Um in diesem Umfeld weltweit erfolgreich zu sein, sind internationale Kooperationen und Produktionsnetzwerke essenziell. Es wäre daher kontraproduktiv, rein protektionistische Maßnahmen in den Vordergrund zu stellen. Die Modernisierung des Steuersystems und harmonischere steuerliche Rahmenbedingungen könnten dagegen Anreize schaffen, dass Unternehmen sich stärker auf heimische Investitionen konzentrieren, ohne dabei die globalen Chancen und Netzwerke aus den Augen zu verlieren. Zudem unterstützt ein attraktives Steuersystem nicht nur die Pharmakonzerne selbst, sondern wirkt insgesamt innovationsfördernd und schafft zusätzliche Arbeitsplätze in Forschung und Produktion. Eine ehrliche Auseinandersetzung mit dem Thema zeigt auch, dass Zölle kurzfristig und symbolisch wirken können, während Steuerpolitiken langfristigen Einfluss auf Standortentscheidungen und Investitionen nehmen.

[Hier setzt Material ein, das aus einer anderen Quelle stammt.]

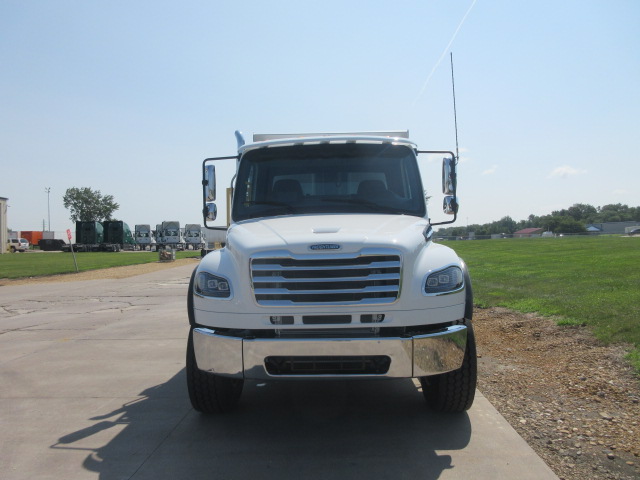 2027 Freightliner M2 106 in Davenport, IA — photo 3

Die USA verfügen noch immer über eine starke Basis in der pharmazeutischen Fertigung, insbesondere bei High-Value-Produkten und komplexen Arzneiformen wie Injektionslösungen. Durch gezielte Steueranpassungen könnte dieses Potenzial ausgebaut und der Importdruck verringert werden. Abschließend verdeutlichen die Entwicklungen der letzten Jahre, dass Steuerpolitik ein wesentliches Instrument darstellt, um die Rückkehr der Pharmaindustrie in die USA zu fördern. Während Tarifdrohungen politischen Druck erzeugen und Aufmerksamkeit schaffen, ist der Weg zu einer nachhaltigen Stärkung der heimischen Pharmafertigung vor allem über eine Reform des Steuersystems zu führen. Themen wie Wettbewerbsfähigkeit, Innovationskraft und Beschäftigung profitieren unmittelbar von einem Umfeld, das steuerliche Hindernisse absenkt und Anreize für inländische Produktion setzt.
Diese Erkenntnisse liefern wichtige Impulse für die Diskussionen in Politik und Wirtschaft, die in den kommenden Jahren maßgeblich bestimmen, wie die globale Pharmaindustrie positioniert und auf die Herausforderungen der Zukunft vorbereitet wird.